Pour elle, “mettre en avant le solde courant avec une norme (chiffrée), c’est plutôt plus intelligent que le 3%” du solde budgétaire, “parce que ça agrège tous les déficits, et on sait bien qu’un endettement privé peut devenir assez rapidement un endettement public”, relève-t-elle.

– ‘La modération salariale’ de l’Allemagne –

Et de donner l’exemple de l’Irlande, passée “du jour au lendemain” de finances publiques saines à une crise de la dette lorsque l’Etat a dû renflouer le secteur bancaire après 2008. L’Espagne elle s’est trouvée en difficultés non en raison de dérives budgétaires, mais à cause d’une bulle immobilière.

Autre piste donnée par les deux économistes: suivre de près les écarts des coûts salariaux unitaires.

Modération salariale et excédent courant bien supérieur à 6% du PIB, ce qui est aujourd’hui le seuil de tolérance européen: l’Allemagne sort bien mauvaise élève de l’examen des deux économistes.

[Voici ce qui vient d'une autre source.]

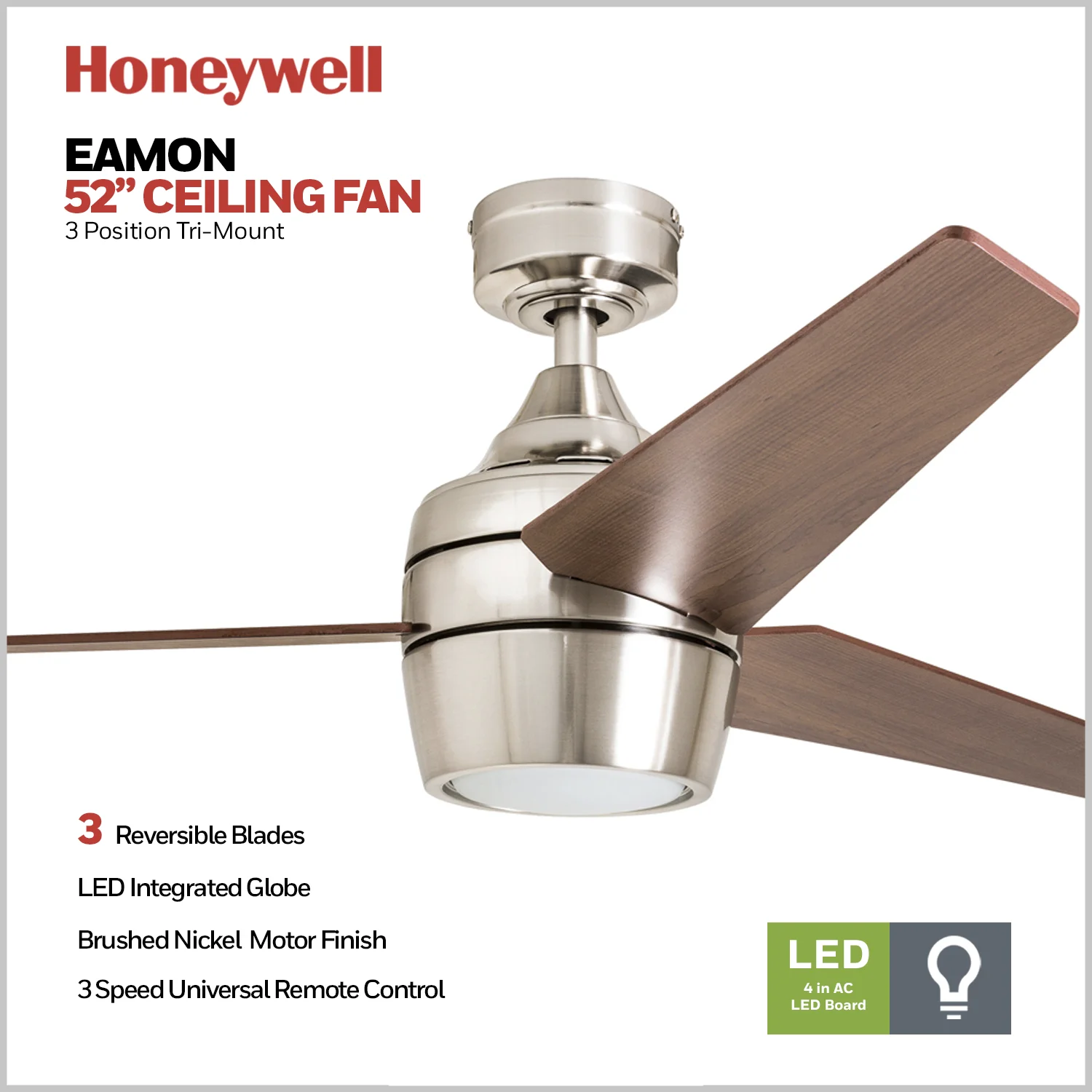 Honeywell Eamon 52' Modern Brushed Nickel Remote Control Ceiling Fan with Integrated LED Light, 3 Blade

“La principale divergence, c’est l’Allemagne qui du fait de sa modération salariale a grosso modo sous-évalué ses coûts salariaux de 10 à 20% par rapport à la moyenne européenne, ce qui fait un déséquilibre colossal”, a assuré M. Ragot. Elle a “mangé” les parts de marché d’autres pays européens dans le reste du monde, au profit des exportateurs allemands, a-t-il ajouté. Tout en soulignant aussi que le pays avait dû modérer les salaires pour absorber tout seul le choc financier de la Réunification.

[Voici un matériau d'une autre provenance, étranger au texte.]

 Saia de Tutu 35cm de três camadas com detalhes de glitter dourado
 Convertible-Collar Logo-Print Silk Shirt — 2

A plus long terme, les deux économistes assurent que la zone euro n’échappera pas à une réflexion sur une plus forte intégration, avec la mise en place d’un budget commun. Mais se montrent pessimistes sur les chances d’y parvenir face à un vote “anti-européen qui n’est pas le même partout”, a reconnu Mme Bénassy-Quéré.

“Par exemple, un système d’assurance chômage européen, avec une valeur de solidarité qui plaît bien en France, ce serait une union de transferts abominable en Allemagne”, a-t-elle indiqué.